Pictures should be excluded; otherwise, copy every entry exactly.

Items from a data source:

________________________________________

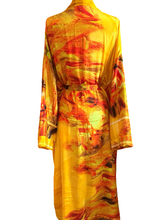 Load image into Gallery viewer, Vintage Silk Long Robe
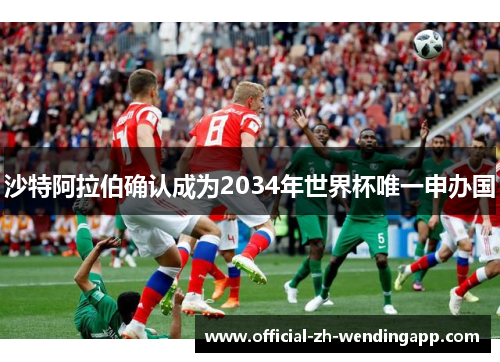沙特阿拉伯确认成为2034年世界杯唯一申办国 沙特阿拉伯确认成为2034年世界杯唯一申办国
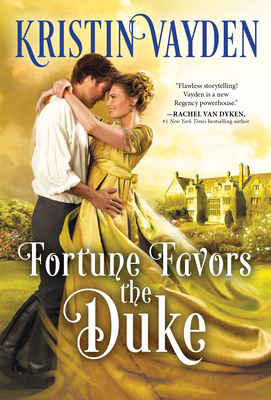 Fortune Favors the Duke (Cambridge Brotherhood) By Kristin Vayden Cover Image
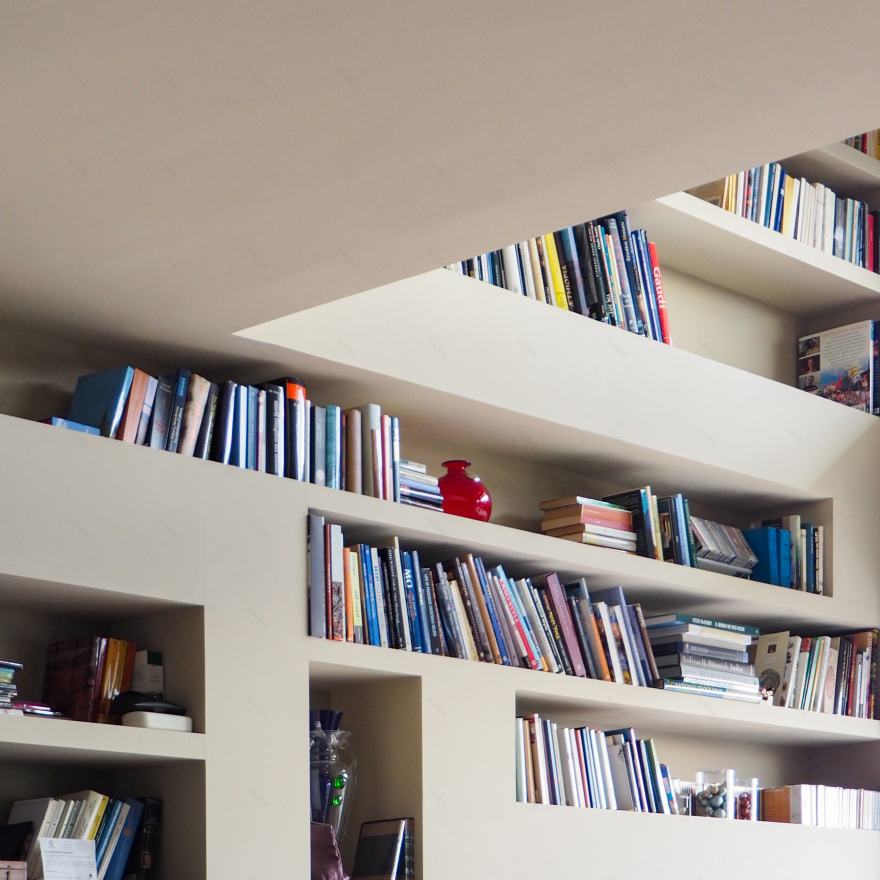 Attico Piemonte 复式公寓全景阳台设计丨意大利-2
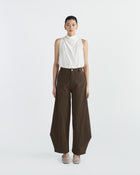 Amber Trousers [Brown]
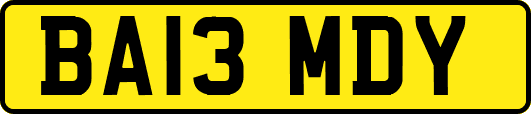 BA13MDY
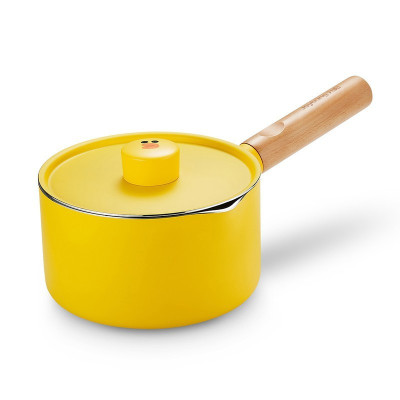 九阳 16cm奶锅辅食锅汤锅不粘锅婴儿宝宝煮牛奶热奶锅泡面蒸锅燃气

________________________________________

Answer section →
 Load image into Gallery viewer, Vintage Silk Long Robe
沙特阿拉伯确认成为2034年世界杯唯一申办国 沙特阿拉伯确认成为2034年世界杯唯一申办国
 Fortune Favors the Duke (Cambridge Brotherhood) By Kristin Vayden Cover Image
 Attico Piemonte 复式公寓全景阳台设计丨意大利-2
 Amber Trousers [Brown]
 BA13MDY
 九阳 16cm奶锅辅食锅汤锅不粘锅婴儿宝宝煮牛奶热奶锅泡面蒸锅燃气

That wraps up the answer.